How to parse multiline attributes using beautifulsoup-CodePudding

I have HTML content as given below:

content ="<p >
        Sector:
        <a href="/company/compare/00000008/">
          Capital Goods - Electrical Equipment
        </a>
<span style="margin: 16px"></span>
        Industry:
        <a href="/company/compare/00000008/00000039/">
          Electric Equipment
        </a>"
</p>

I want to parse sector = Capital Goods - Electrical Equipment and Industry=Electric Equipment using BeautifulSoup . Kindly guide me for same.

CodePudding user response：

To get the texts into a structured format like dict with key / value pairs you can use a dict comprhension:

dict([(x.previous.strip()[:-1],x.get_text(strip=True)) for x in soup.select('p.sub a')])

These is selecting all <a> in your example, iterates the ResultSet for the values and also extract the associated key.

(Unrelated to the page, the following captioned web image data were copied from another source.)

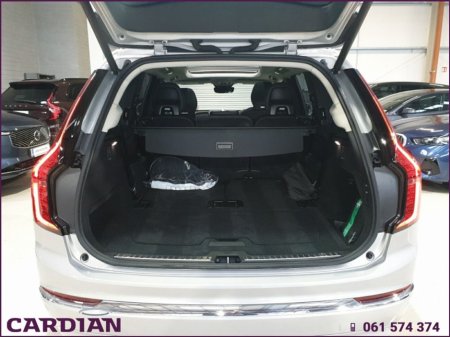 2025 Volvo XC90 Xc90 Ultra T8 Phev Awd Auto Recharge T8 - 22" ALLOYS €85,950 thumbnail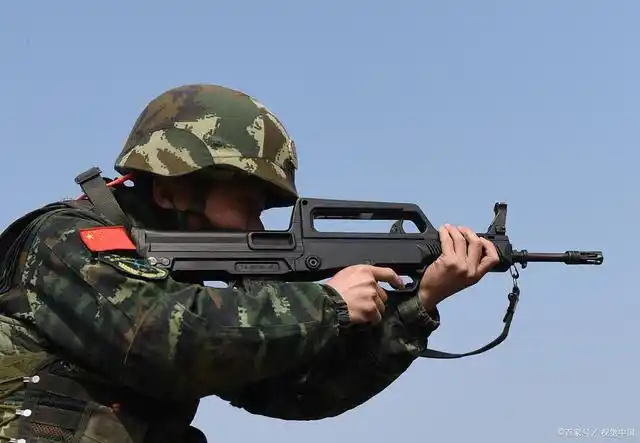 部队允许左撇子打枪吗?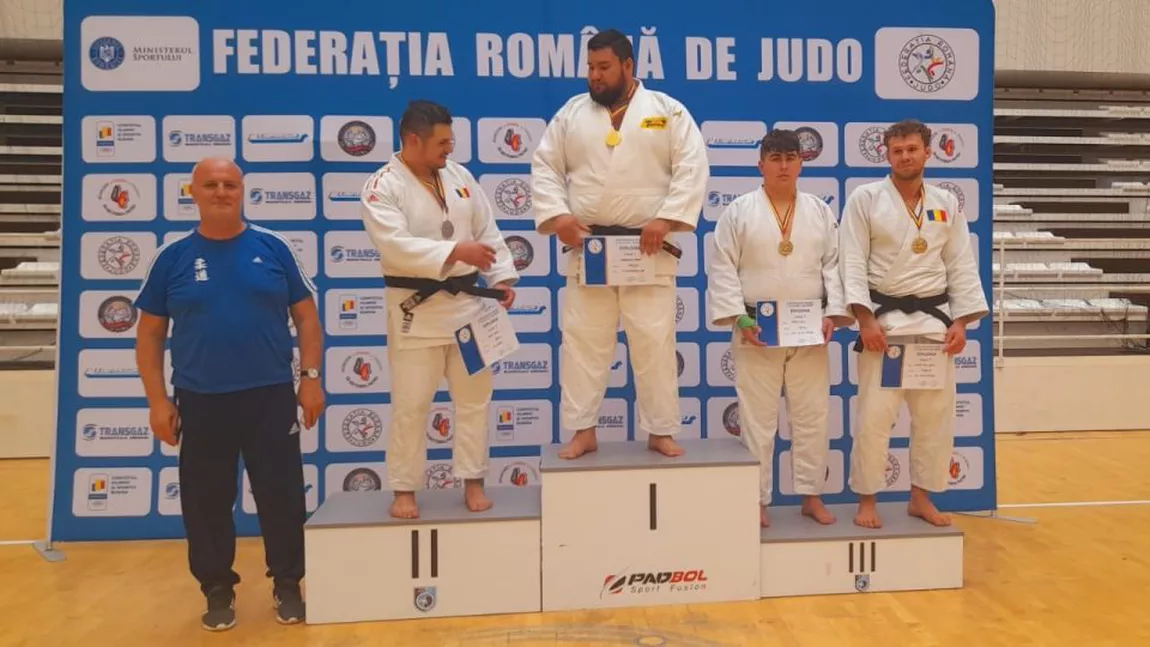 Vlăduț Simionescu, pregătit la CS POLITEHNICA IAȘI de antrenorul Costel Năftică, a cucerit sâmbătă Cupa României la judo, desfășurată la București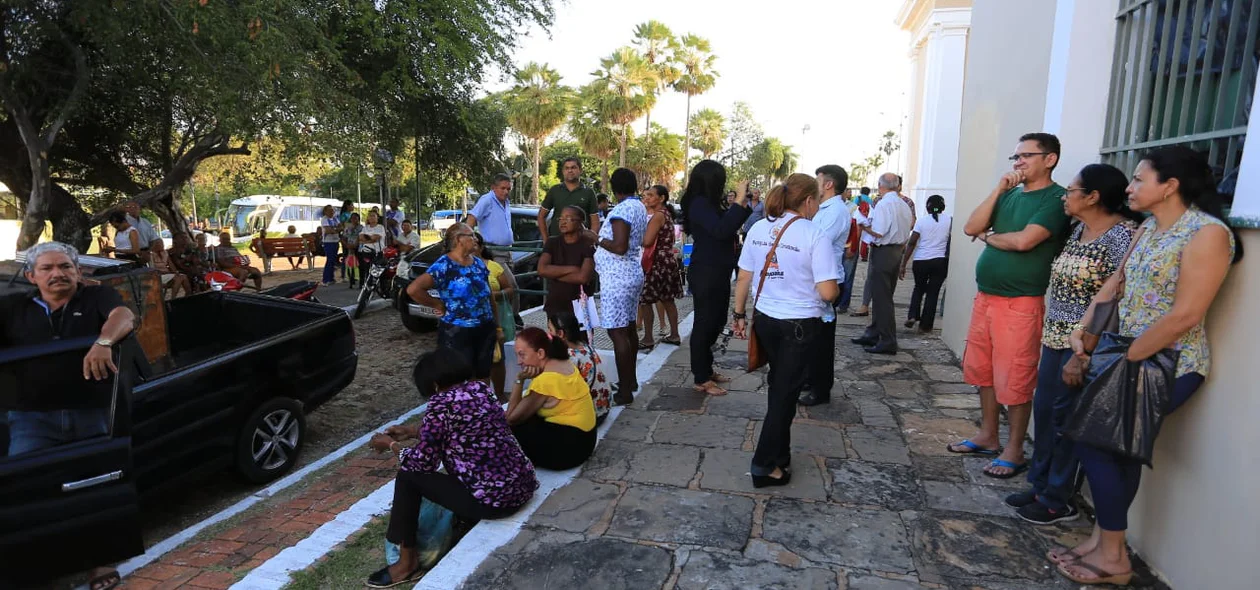 Fiéis aguardam na Igreja São Benedito 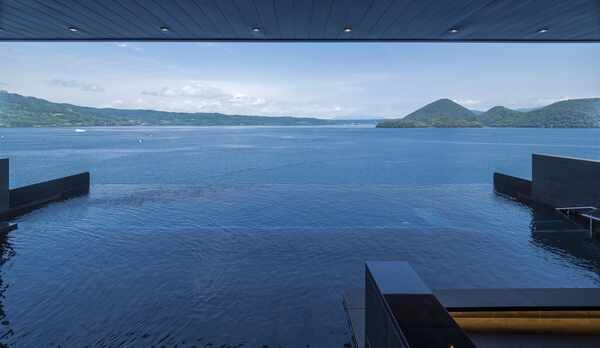 湖上の湯露天風呂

{'Sector': 'Capital Goods - Electrical Equipment', 'Industry': 'Electric Equipment'}

Example

from bs4 import BeautifulSoup
soup = BeautifulSoup(html)

html ='''
<p >
   Sector:
   <a href="/company/compare/00000008/">
    Capital Goods - Electrical Equipment
   </a>
   <span style="margin: 16px">
   </span>
   Industry:
   <a href="/company/compare/00000008/00000039/">
    Electric Equipment
   </a>
   "
</p>
'''
dict([(x.previous.strip()[:-1],x.get_text(strip=True)) for x in soup.select('p.sub a')])